There have been oh so many times in my life when I have come to a point where big change were breathing down my neck, stalking me, wanting me to decide, wanting me to take action, and I was ducking around corners, stalling, hiding out, turning my back, putting my fingers in my ears. . .lalala, I don't hear you. . .
But I did hear. I did know. I was scared to death. I don't know how! What if I am making the wrong decision? What will people think of me? What if I change my mind? What if I can't do it?
- Running away from home to put myself through college.
- Finishing my dissertation for my Ph.D. in Clinical Community Psychology
- Getting married.
- Starting a medical records software company.
- Doing a 1.5 million dollar real estate development project.
- Getting divorced.
- Learning to dance Zydeco.
- Getting remarried to someone much older.
- Learning to dance Tango.
- Starting a B and B in our big loft after the kids left home.

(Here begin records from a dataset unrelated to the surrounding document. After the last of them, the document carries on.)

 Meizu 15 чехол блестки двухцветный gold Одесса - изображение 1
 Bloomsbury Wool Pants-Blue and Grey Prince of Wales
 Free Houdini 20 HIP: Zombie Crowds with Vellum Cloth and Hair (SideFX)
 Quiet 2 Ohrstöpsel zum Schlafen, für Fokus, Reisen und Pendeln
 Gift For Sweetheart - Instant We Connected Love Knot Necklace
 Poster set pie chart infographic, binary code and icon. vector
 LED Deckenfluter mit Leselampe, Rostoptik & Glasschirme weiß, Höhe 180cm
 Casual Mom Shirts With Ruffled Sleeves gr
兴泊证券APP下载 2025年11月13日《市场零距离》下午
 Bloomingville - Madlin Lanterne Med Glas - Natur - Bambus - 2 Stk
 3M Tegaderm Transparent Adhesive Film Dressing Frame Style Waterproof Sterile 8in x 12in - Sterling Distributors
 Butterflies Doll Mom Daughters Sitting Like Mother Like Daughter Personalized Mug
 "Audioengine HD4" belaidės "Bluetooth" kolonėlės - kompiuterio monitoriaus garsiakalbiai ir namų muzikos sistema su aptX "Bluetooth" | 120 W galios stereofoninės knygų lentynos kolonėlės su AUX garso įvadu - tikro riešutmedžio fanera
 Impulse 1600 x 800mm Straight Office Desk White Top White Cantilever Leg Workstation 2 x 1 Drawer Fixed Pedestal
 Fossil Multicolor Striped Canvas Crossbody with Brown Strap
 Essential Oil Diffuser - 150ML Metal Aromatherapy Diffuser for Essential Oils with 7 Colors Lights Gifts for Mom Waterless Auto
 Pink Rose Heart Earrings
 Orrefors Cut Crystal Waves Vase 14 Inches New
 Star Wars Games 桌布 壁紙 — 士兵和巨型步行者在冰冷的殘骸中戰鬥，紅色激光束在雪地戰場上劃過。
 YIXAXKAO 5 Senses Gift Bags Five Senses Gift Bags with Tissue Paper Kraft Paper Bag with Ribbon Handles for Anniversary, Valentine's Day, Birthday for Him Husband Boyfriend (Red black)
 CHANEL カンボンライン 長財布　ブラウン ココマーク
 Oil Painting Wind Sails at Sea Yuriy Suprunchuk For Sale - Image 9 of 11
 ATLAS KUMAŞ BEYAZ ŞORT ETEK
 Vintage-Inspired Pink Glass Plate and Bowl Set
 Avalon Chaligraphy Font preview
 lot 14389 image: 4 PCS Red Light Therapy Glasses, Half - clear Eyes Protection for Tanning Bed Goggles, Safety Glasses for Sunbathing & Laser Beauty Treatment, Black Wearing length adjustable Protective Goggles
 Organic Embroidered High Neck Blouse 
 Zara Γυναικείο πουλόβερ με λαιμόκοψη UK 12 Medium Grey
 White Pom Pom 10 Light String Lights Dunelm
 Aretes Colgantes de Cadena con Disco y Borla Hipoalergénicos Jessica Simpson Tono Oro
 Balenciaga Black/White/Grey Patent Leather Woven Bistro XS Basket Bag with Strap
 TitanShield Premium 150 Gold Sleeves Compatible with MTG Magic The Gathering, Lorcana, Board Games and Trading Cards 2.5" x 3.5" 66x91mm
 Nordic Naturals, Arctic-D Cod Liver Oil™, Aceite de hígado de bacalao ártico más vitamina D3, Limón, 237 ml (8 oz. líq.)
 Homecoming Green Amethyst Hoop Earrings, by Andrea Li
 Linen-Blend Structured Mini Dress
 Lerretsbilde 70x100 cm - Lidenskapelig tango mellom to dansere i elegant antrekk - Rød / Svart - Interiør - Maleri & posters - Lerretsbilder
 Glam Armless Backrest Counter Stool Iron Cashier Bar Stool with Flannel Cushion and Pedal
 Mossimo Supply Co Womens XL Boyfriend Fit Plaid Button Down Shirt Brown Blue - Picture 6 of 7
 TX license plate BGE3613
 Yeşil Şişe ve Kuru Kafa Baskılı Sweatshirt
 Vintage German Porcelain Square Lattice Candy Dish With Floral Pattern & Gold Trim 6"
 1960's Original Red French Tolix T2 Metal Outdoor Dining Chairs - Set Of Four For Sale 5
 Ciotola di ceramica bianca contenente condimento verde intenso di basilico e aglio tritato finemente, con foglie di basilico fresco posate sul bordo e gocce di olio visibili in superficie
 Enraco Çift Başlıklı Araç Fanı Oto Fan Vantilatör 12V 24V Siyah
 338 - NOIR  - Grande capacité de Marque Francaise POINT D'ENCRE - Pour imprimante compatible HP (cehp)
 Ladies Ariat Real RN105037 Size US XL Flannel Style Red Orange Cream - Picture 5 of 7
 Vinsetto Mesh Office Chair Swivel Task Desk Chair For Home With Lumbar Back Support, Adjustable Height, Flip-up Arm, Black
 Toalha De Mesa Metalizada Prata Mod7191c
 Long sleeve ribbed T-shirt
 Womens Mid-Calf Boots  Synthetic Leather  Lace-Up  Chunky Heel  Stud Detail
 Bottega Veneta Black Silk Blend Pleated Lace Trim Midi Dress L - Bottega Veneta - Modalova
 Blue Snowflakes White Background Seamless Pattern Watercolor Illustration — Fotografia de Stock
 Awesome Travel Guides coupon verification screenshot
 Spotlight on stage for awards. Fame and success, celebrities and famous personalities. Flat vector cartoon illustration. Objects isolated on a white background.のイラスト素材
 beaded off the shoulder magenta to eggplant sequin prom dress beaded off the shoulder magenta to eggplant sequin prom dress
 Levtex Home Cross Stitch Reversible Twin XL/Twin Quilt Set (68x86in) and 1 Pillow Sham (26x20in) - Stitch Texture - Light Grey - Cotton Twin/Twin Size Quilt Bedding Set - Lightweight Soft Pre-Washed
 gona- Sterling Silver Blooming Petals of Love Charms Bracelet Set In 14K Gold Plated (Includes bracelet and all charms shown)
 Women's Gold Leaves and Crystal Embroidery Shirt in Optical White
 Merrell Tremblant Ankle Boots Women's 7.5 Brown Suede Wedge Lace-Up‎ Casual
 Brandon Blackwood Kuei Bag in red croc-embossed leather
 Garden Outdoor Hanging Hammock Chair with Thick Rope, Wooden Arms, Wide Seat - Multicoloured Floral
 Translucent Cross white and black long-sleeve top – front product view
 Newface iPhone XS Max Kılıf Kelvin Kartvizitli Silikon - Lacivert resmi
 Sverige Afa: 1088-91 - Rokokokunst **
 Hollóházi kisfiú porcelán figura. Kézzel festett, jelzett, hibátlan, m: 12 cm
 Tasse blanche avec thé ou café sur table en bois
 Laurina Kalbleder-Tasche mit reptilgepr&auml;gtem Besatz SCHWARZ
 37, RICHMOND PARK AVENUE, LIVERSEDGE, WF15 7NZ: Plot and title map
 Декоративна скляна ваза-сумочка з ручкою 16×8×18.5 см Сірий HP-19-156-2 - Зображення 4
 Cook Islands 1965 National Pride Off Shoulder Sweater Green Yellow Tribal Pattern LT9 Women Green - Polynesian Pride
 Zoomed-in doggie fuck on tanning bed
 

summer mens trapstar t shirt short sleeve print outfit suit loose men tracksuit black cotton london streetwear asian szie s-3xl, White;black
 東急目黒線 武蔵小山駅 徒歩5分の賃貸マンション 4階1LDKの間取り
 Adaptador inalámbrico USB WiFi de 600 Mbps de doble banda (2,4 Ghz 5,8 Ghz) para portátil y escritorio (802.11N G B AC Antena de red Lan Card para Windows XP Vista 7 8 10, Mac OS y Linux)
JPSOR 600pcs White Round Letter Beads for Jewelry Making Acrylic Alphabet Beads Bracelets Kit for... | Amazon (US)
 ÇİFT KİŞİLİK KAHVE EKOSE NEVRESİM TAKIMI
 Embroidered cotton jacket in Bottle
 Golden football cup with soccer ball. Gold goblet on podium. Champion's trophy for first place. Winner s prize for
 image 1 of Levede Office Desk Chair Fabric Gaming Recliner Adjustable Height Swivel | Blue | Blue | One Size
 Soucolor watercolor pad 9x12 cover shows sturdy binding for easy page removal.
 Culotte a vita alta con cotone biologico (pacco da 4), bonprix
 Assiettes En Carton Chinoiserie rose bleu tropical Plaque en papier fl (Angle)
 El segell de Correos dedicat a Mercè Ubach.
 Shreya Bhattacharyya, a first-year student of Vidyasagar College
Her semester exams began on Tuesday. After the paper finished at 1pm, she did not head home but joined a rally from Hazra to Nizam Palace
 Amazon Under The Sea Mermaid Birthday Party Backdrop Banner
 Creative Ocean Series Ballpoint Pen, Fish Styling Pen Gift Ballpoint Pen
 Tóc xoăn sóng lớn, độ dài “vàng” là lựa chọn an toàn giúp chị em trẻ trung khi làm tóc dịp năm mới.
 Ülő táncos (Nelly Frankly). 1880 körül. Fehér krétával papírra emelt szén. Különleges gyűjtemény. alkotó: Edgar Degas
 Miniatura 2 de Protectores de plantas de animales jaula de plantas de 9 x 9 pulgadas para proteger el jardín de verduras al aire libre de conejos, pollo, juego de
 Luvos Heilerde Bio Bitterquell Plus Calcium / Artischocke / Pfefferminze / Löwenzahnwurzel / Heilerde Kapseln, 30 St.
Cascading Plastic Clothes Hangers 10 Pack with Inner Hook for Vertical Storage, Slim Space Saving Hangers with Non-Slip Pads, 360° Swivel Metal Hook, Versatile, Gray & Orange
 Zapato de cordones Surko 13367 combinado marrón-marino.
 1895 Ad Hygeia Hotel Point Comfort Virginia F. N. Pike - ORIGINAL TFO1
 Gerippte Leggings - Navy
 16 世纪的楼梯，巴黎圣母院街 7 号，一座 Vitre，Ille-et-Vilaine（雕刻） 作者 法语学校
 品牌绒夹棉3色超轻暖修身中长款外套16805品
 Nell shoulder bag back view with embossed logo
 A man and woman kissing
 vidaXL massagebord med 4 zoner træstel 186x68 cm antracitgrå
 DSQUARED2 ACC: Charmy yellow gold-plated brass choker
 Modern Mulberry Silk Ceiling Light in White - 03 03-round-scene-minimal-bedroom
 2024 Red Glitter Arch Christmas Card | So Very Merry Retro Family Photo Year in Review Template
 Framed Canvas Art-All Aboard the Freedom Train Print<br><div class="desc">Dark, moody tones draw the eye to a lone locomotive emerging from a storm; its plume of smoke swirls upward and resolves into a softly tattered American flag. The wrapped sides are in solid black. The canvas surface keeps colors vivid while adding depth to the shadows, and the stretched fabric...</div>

- Starting New Tricks to help entrepreneurs develop an online presence.
I have to say, at each juncture, I saw the next step. I may have even "decided" to do it. (Three frogs sitting on a log. One jumps in. How many frogs sitting on a log? Three. Deciding isn't acting.) I have gotten under the covers and sobbed, wracked with guilt, fear and crazy thinking. The voice saying all the time, "you have to do this". "You know you do". "You want what you will have after you take the steps to get started". "The doing it will be uncomfortable, but you will get through it". "It will either work or it won't but you know it is right for right now".
And I answering back, "But I don't want to". "It is too hard". "Maybe I am making a huge mistake". "I can't stand it." But I did "stand it". I really had no other choice.
Last night, I was out with a friend who has been in marketing for years. In 2009, she, like so many others in the recession, was let go from her job. She had been the marketing director of a nonprofit. She is smart and savvy and has everything all set to get her own business set up. My god, she even has a few clients. But right now she is stuck. Can't get her website finished. She could whip one up in a week for someone else. But she has been obsessing over hers and is second guessing herself. Maybe I should focus on this, maybe use that tone. What if people think I am being too arrogant? What if it is not professional?
It is so easy for me to see, from the other side of the table, while sipping on my dirty martini, safe on the other side of that place of fear and indecision, It is easy for me to see that the place she wants to be is just right outside her grasp. But, I know, because I too have seen this, that what she sees is a wall of fire, which looks as if it goes on forever. How can I possibly go forward? It is so uncomfortable to contemplate going through there all alone, it feels overwhelming and it feels like it will always be that way.
But from over here, I can see the other side and I know it is good and it is within her reach, if she will only start putting one foot in front of the other and go into the fire, instead of reading one more book, doing an internship or yet another training. Gulp. It is so hard to take that step, that leap of faith, that fake it 'til you make it, that living through the rawness. But is is always so worth it because we do know what is right and what we need. And I hate, hate being a beginner. Once I take the step, I will do whatever it takes to get through that shitty ass period of being a newbie, before I get my feet on the ground, before I am in the in crowd before I gain the knowledge, experience and confidence that can only come by doing that fearful thing. But those first steps are truly the hardest.
Years ago I did a ropes course in the Mountains of upstate NewYork. It came time to cross a sixty foot wide and very deep ravine on a zipline. Oh God. I was scared to death. When I got harnessed in and set out, I was surprised, "Hey this is easy and kind of fun!" The thing was I was going along fairly fast, but then I reached the middle. I came to a total stop. You see, the first half you are going with gravity because your body weight pulls you down but then you are going uphill and it was impossible. I started to cry and thought the buzzards were just going to have to eat the meat off my bones because I could see no way to keep going. Then I heard them. There were lots of people on the other side, cheering for me to get across. I put one fist in front of the other and slowly pulled myself six inches at a time. They were getting louder and louder, I knew I could do it, and then I was across. I made it to the other side.
Where are you stuck and what is your next right step? Can you hear us cheering?